> **Task brief**
Below are some records. Copy every line in them that holds "image".

Stored dataset items
'''
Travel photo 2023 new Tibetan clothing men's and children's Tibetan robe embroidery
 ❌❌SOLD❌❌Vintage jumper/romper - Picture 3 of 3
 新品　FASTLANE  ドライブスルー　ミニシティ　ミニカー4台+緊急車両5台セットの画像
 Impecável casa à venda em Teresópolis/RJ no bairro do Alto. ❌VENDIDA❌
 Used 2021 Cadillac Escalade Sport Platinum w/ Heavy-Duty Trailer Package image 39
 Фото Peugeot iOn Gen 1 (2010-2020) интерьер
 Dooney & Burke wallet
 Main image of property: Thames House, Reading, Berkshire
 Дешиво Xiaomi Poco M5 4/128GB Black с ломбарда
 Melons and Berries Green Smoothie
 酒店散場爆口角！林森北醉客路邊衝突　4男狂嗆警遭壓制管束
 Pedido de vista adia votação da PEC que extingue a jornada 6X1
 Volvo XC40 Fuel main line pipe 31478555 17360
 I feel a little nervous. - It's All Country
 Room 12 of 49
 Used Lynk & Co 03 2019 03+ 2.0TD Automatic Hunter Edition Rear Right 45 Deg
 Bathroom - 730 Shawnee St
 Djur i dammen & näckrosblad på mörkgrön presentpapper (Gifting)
'''
> **Solution to the exercise**
 Used 2021 Cadillac Escalade Sport Platinum w/ Heavy-Duty Trailer Package image 39
 Main image of property: Thames House, Reading, Berkshire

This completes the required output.